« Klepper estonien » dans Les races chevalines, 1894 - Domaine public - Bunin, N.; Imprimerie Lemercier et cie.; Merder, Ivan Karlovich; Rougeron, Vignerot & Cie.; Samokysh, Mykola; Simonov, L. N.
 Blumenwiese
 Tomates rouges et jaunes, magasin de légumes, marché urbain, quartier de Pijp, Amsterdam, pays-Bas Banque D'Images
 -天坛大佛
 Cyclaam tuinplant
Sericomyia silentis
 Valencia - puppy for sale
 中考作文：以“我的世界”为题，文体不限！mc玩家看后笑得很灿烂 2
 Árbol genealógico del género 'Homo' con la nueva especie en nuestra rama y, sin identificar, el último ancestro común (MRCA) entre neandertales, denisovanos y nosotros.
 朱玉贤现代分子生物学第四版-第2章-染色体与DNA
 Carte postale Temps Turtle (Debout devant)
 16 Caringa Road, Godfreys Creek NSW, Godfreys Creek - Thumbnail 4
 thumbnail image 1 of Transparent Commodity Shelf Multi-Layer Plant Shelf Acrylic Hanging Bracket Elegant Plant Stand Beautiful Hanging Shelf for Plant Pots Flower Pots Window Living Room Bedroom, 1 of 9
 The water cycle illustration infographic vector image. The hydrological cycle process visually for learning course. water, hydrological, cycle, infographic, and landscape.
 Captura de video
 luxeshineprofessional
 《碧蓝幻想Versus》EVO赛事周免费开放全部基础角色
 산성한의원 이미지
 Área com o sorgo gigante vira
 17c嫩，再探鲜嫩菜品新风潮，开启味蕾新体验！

### What needs to be done
Going down from the first line of the entries above, restate each line word for word until the line holding "Blumenwiese" is done.

### Reply
« Klepper estonien » dans Les races chevalines, 1894 - Domaine public - Bunin, N.; Imprimerie Lemercier et cie.; Merder, Ivan Karlovich; Rougeron, Vignerot & Cie.; Samokysh, Mykola; Simonov, L. N.
 Blumenwiese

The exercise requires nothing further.